[P] Visualizing LM's Architecture and data flow with Q subspace projection
A novel technique creates interactive 3D 'MRI scans' of language models like Qwen and Mamba, revealing their internal structure.
An independent researcher operating under the handle y3i12 has developed a novel visualization technique that acts like an 'MRI scan' for language models. By applying what they describe as 'black magic and voodoo'—specifically a method involving Q subspace projection—they can generate stunning 3D volumetric representations of a model's internal architecture and data flow.
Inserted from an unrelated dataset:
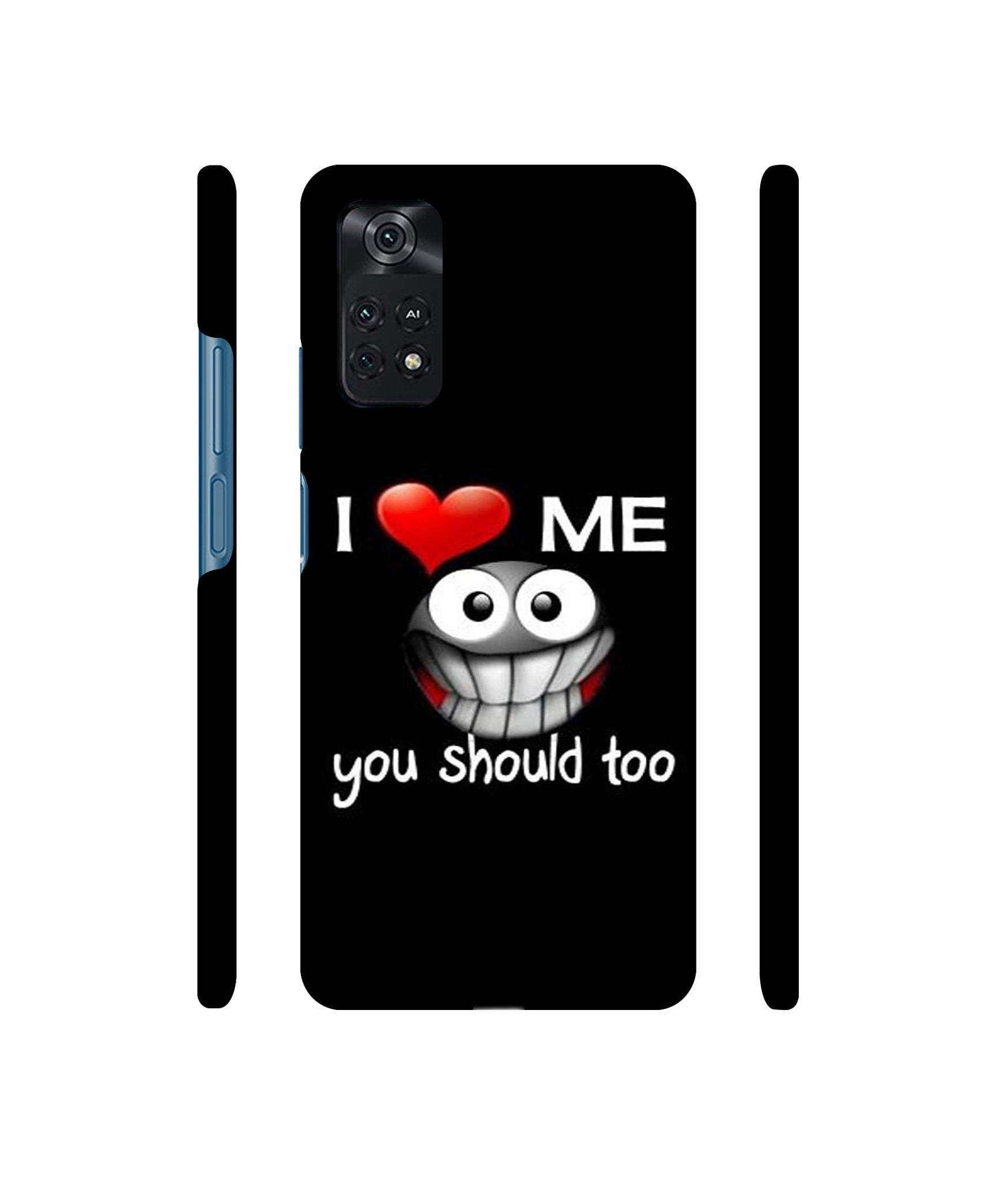 I Love Me Quotes Designer Hard Back Cover for Mi Poco M4 Pro 4G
The resulting interactive visualizations, which the creator finds 'mesmerizing,' reveal the intricate 'structure of structures' within models like HuggingFace's SmolLM-360M, Qwen's 0.8B parameter model, and the Mamba-370M state-space model.
The technique, shared via a Gist link, allows for the exploration of models from different angles, uncovering what the researcher hypothesizes could be a form of 'mediator surface' or a novel interpretation of the model's 'loss landscape.' A key visual shows a complex, web-like structure emerging from the RWKV-4-430M model. This work moves beyond standard performance metrics and attention heatmaps, offering a new, more intuitive lens for researchers to understand how information is organized and processed inside various AI architectures, from transformers to newer state-space designs.
- Creates interactive 3D 'MRI scans' of models like Qwen3.5-0.8B and Mamba-370M using Q subspace projection.
- Visualizes the internal 'structure of structures' and data flow, revealing potential 'mediator surfaces'.
- Offers a new, intuitive method for researchers to interpret complex model internals and loss landscapes beyond 2D graphs.
Why It Matters
Provides AI researchers with a powerful new diagnostic and explanatory tool for understanding the complex internal workings of modern neural networks.